The Illusion of Speed
How to bring movement to stills? There are actually many ways with some being combined for even greater impact. The most basic, simplest and requiring no special tools is panning. Panning is the art and technique of moving your camera body in sync with a moving subject and therefore nullifying any movement in the frame. Now that should make you scratched your head. How can moving the camera with the subject nullify movement while being the best method for communicating movement? Answering the first part of this, how does panning nullify movement? If you take a picture of a rock (one of my favorite subjects), the rock in relationship to the film plane does not move.
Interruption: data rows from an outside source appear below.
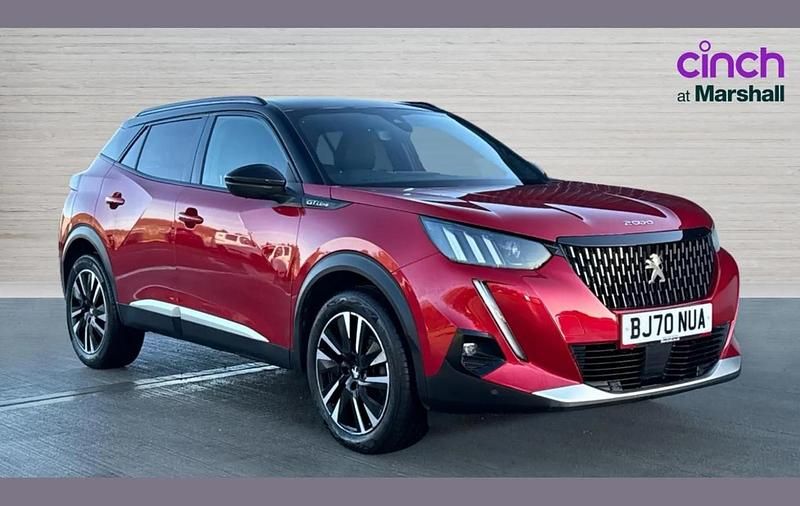 Red Used 2020 Peugeot 2008 GT-line SUV | £12,471 (Fair price) - Image 1/4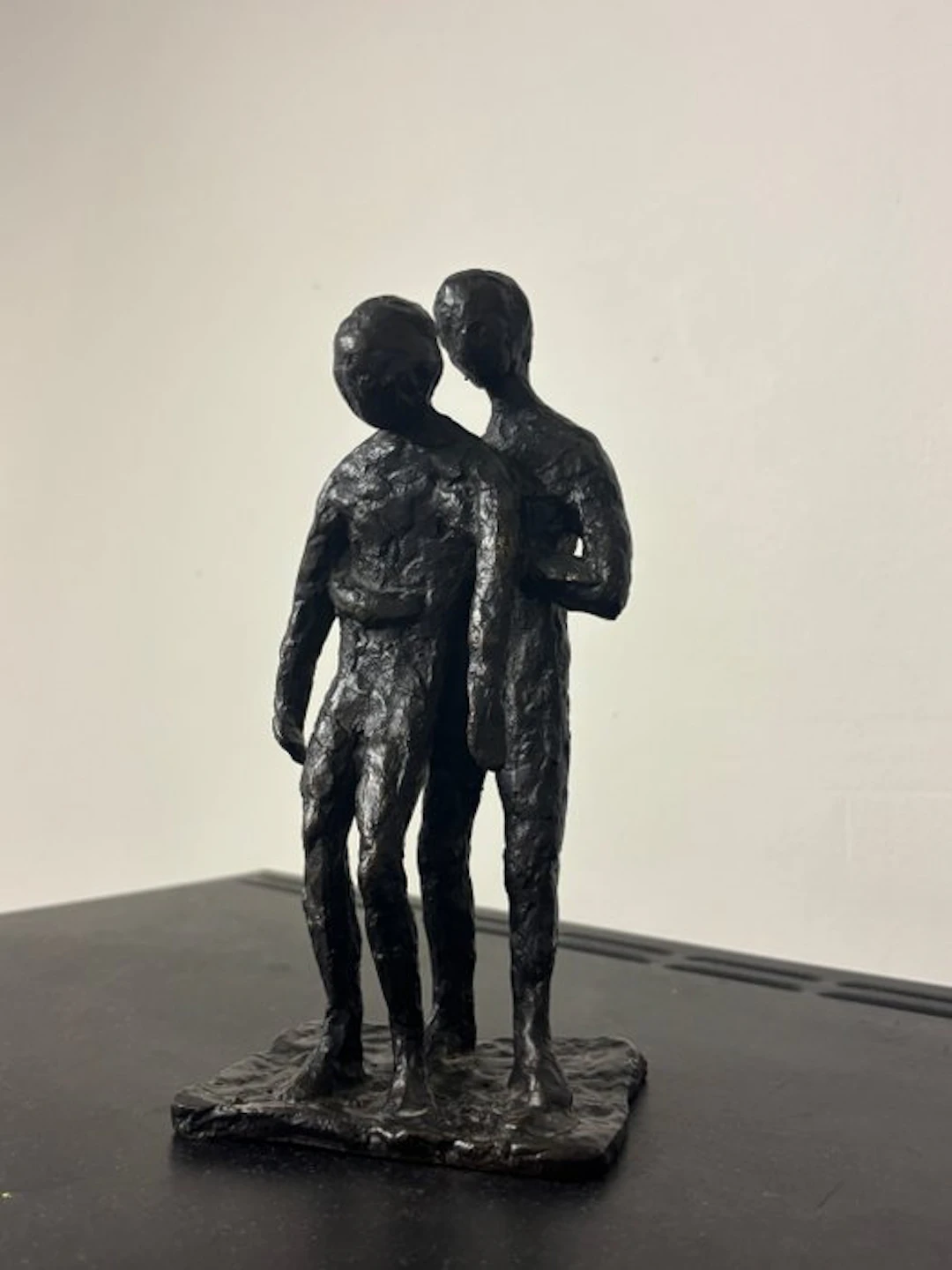 Suze Boschma-Berkhout - Statuette, Zorg met liefde - 20 cm - Bronze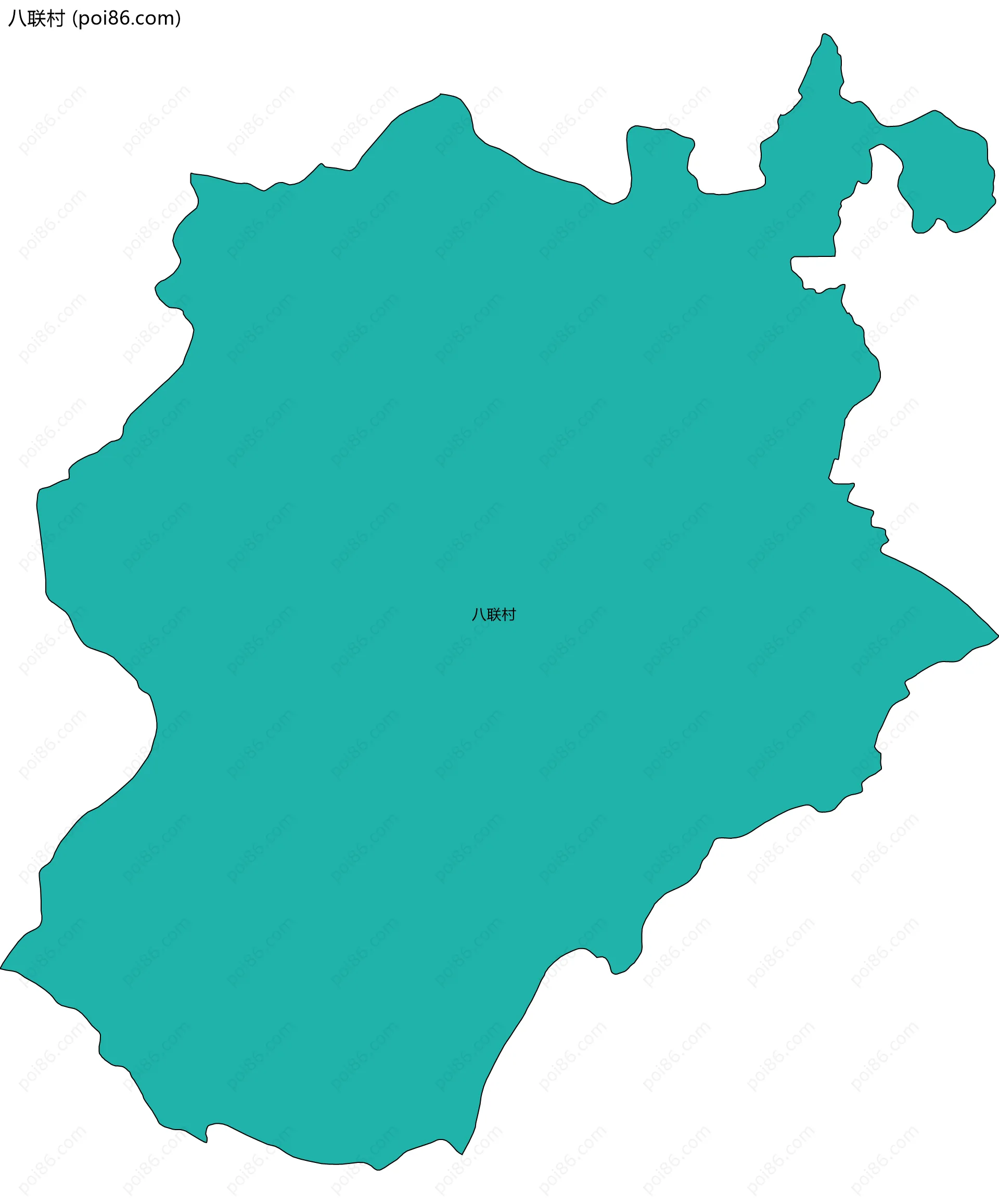 八联村边界地图
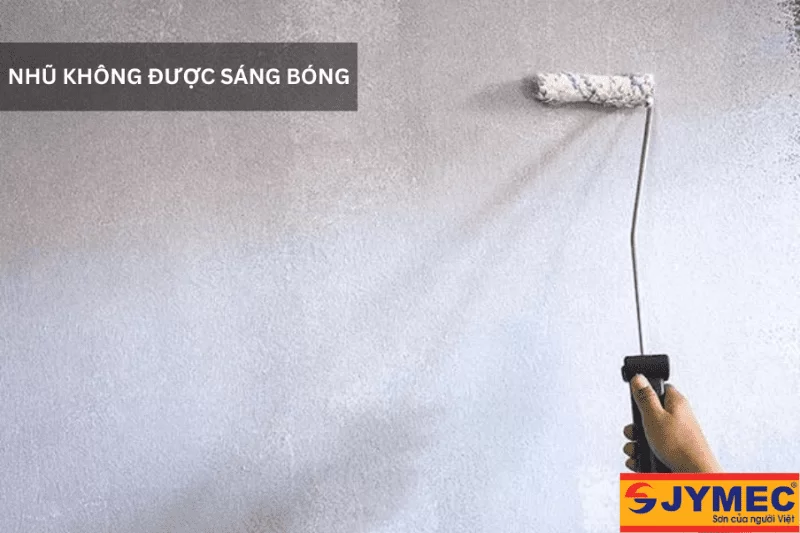 Màng sơn không được sáng bóng do đâu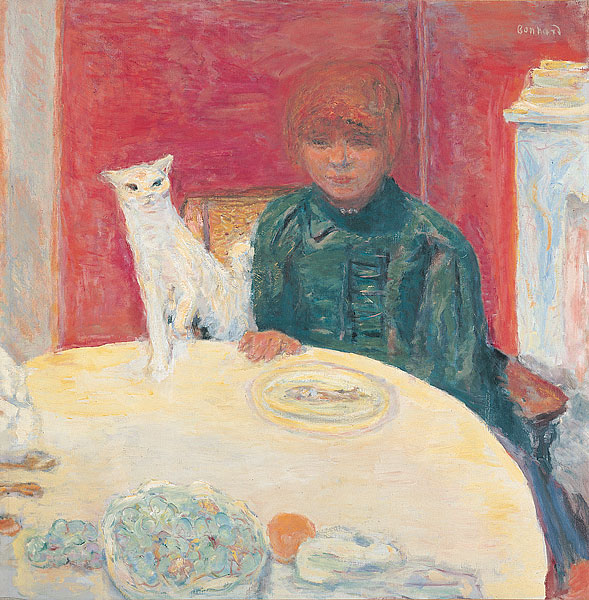 Bonnard_La femme au chat 1912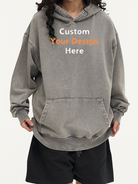 450g Custom Cotton Wash Old Vintage Hoodie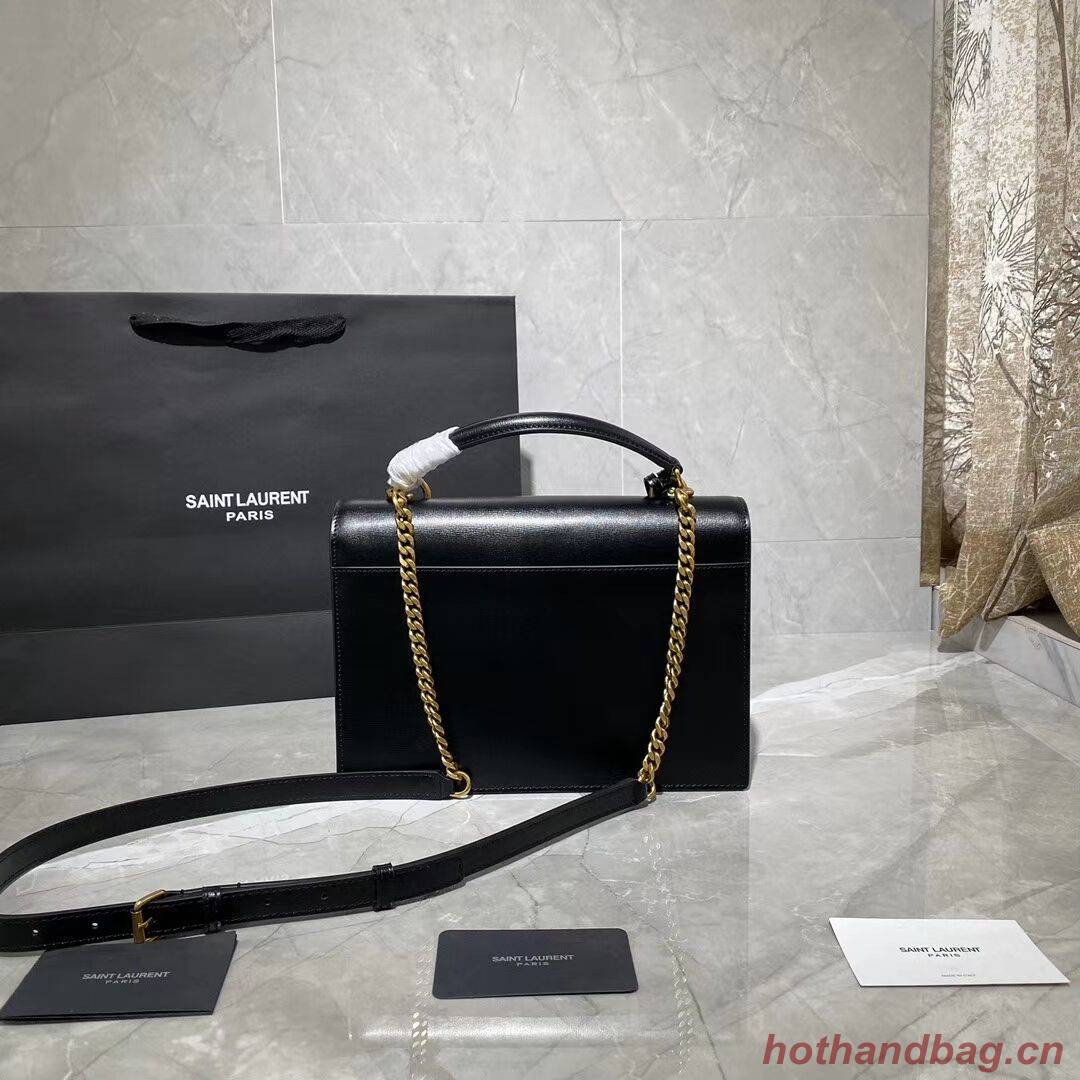 Yves Saint Laurent Calfskin Leather Tote Bag Y634723 black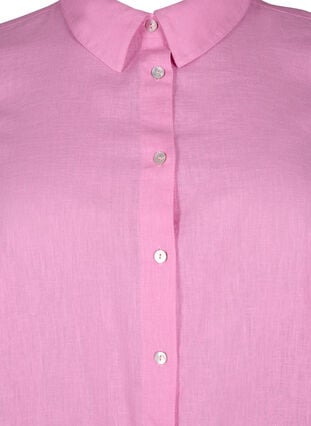 Long shirt in linen and cotton, Rosebloom, Packshot image number 2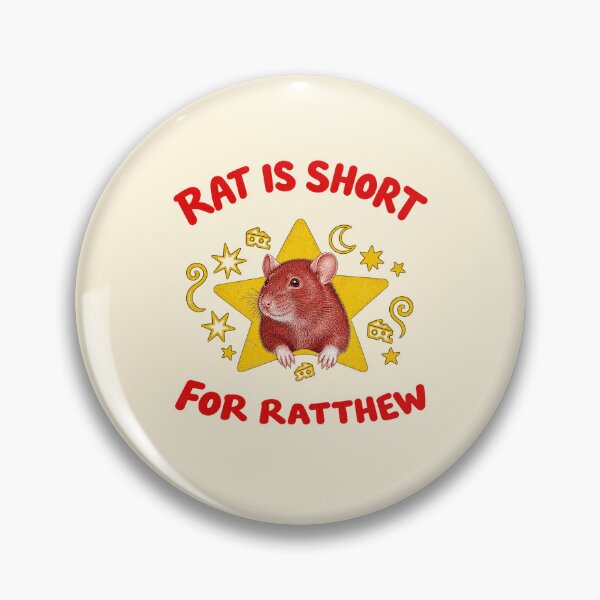 Item preview, Rat es la abreviatura de Ratthew. designed and sold by PatternFariss.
So we get a sharp photo of the rock. The same thing is happening when we pan (as long as it’s done correctly). We move the film plane at the same speed as the moving subject so as far as the film plane is concerned, the subject is not moving so we can stop movement in our frame with movement. You gotta love that geometry!
If this is the case, we are stopping movement with movement, how then do we communicate movement? We do it by blurring the background. In these two examples shot with D800, 600VR2 swung on a Gitzo, the top frame was shot at 1/40 and the bottom frame at 1/125. If you look at the two frames, the top frame has the illusion of speed greater than the bottom and that’s because of shutter speed. While the film plane is keeping up with the moving object, the background is not moving at all. When you pan and shoot with a slower to slow shutter speed, you blur the background more and more creating that illusion, the illusion of speed.